Carrot cake

This carrot cake has zero refined sugars and a secret ingredient that will have you scratching your head…

If you’ve been keeping up with my recipes so far, you’ve probably noticed I try to avoid refined sugars in my cooking. Don’t get me wrong, I’m not the type to ‘quit’ refined sugars completely, and I don’t believe eating them in moderation is at all bad. However, I do believe adding refined and free sugars to cooking and mass-produced goods in the quantity that we do has become a habit rather than because it actually improves the taste or end result.

Case in point: this carrot cake.

Besides just ONE tablespoon of honey, this cake is entirely sweetened by apples. And you wouldn’t know it! It is so sweet and deliciously moist, you’ll wonder why people ever added refined sugar in the first place.

Before anyone cares to point out the obvious, yes, I know, apples (carrots and honey) have sugars *inserts eye roll meme*, but there’s a big difference between consuming sugars in foods in their whole and natural state compared to those extracted and highly processed. For one, sugars in whole foods like apples are accompanied by a raft of different health-promoting macro and micronutrients including complex carbohydrates, fibre, vitamin C and different antioxidants, while refined sugars provide very little nutritional value for what is a calorie-dense food. High-quality honey, although considered a ‘free sugar‘ and more calorie dense, gram-for-gram, than refined white sugar, has disease-fighting antioxidants that help to neutralise free radicals in the body. Plus, I personally love the taste and enjoy it in moderation, which is important in being able to sustain a healthy and balanced diet, but leave it out if you prefer.

But why should we reduce our refined sugar intake? According to the World Health Organisation (WHO), consuming too many free sugars is associated with poor dietary quality, obesity and risk of noncommunicable diseases – which account for 71 per cent of the world’s deaths each year. Interestingly, this warning does not extend to consuming intrinsic sugars, which are those found in whole foods, like intact fruit, vegetables and milk, which WHO says has no reported evidence of adverse effects.

I’m not a dietitian, and as I said above, I am not advocating quitting free or refined sugars completely, but I do think there’s merit in reducing our intake and improving the quality of the sugars we are consuming. Everyone is different and what each person needs to lead a healthy life is different, but for most of us, eating less refined and free sugars and more fruit and vegetables can only be a good thing. And when doing so results in something as delicious and genuinely good for you as this carrot cake, it’s hard to find reasons not to!

…Click here to find a super special labneh icing – the perfect pairing!


2 apples, cored and grated (I like red gala for their sweetness)

3 medium carrots, grated

1/2 cup melted coconut oil

3 eggs

1 cup flour (I used spelt)

1 cup almond meal

1 tsp bicarbonate of soda

1 tsp vanilla extract

2 tsp mixed spice (or cinnamon)

1 tbs honey (the darker the better!)

100g pecans, chopped

*Makes 12-16 slices.


Preheat oven to 180° fan-forced, and line three nine-inch baking trays.

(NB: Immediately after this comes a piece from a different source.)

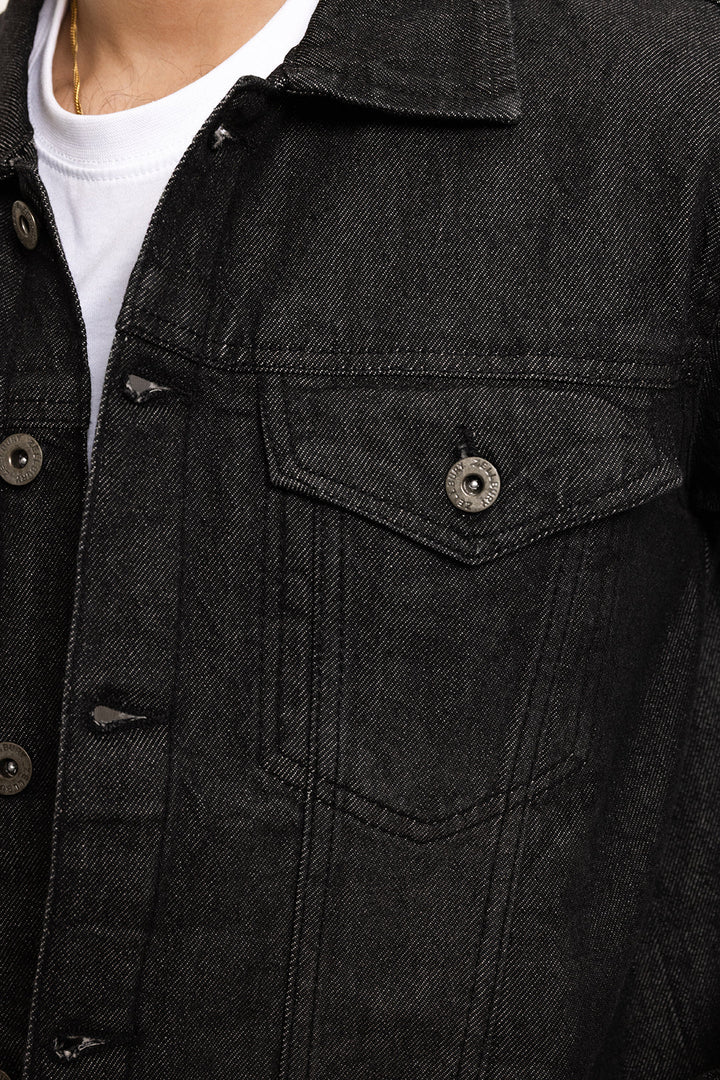 Men's black button-front denim jacket with pointed collar and chest pockets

I usually do this by folding baking paper in half on itself until it forms a triangle, and then measuring the point from the middle of the cake tin and snipping the excess paper off to form a perfectly fitted circle.

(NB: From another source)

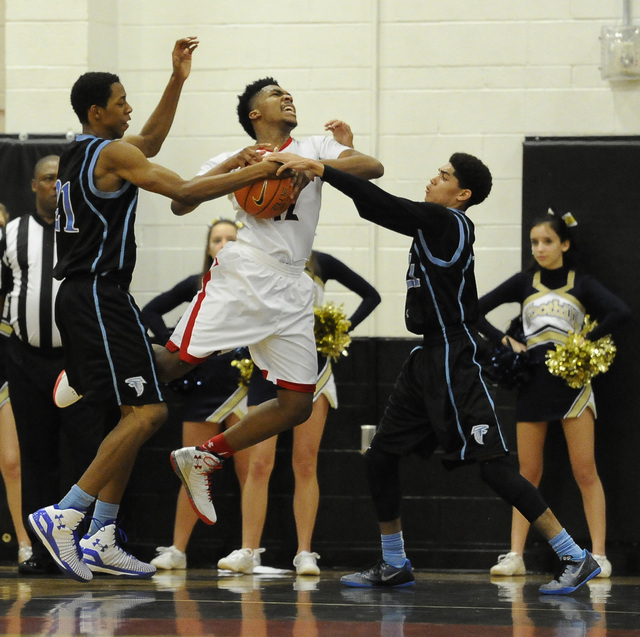 Foothill guard Kevin Woodland, right, and forward Torrance Littles,defend Las Vegas guard De ...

In a mixing bowl, combine all the ingredients well, ensuring there are no clumps of dry ingredients. It will not look like normal cake mix – don’t freak out! It’s quite thick and textured, but once it’s cooked you wouldn’t know the difference.

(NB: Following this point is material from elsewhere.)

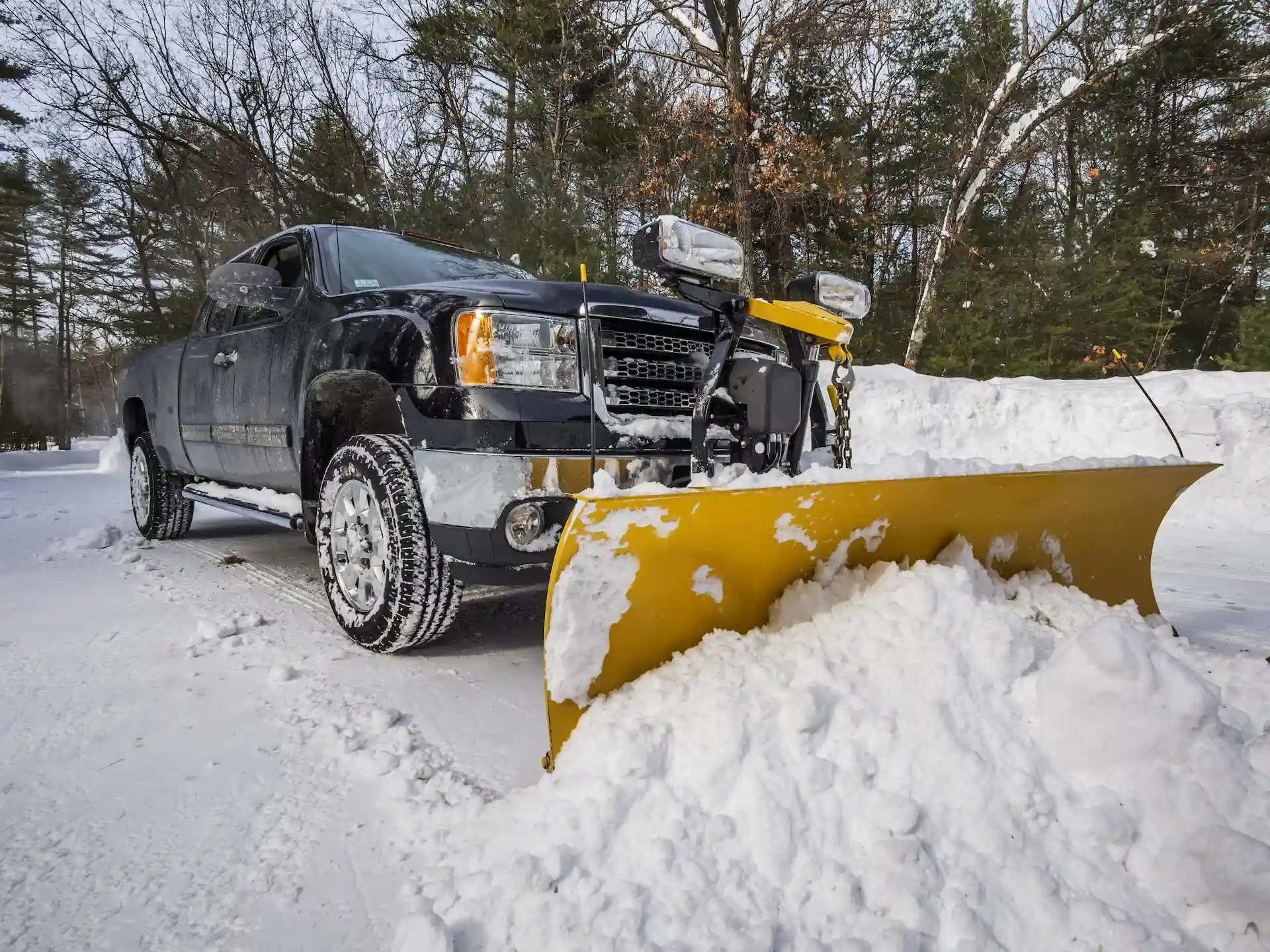 Kelowna snow removal truck plowing a residential driveway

Spoon evenly into cake forms and spread out with the back of a spoon. I usually make the centre slightly lower than the sides to account for any rising – but this cake tends to rise quite evenly anyway.

Bake on the middle or lowest rack for 30 minutes. Insert a clean knife into the centre of the cake, if it comes out clean, it’s finished, otherwise, leave for an extra five minutes.

Once cooled, ice each cake with labneh frosting and layer on top of one another. Decorate with extra pecans or lime zest.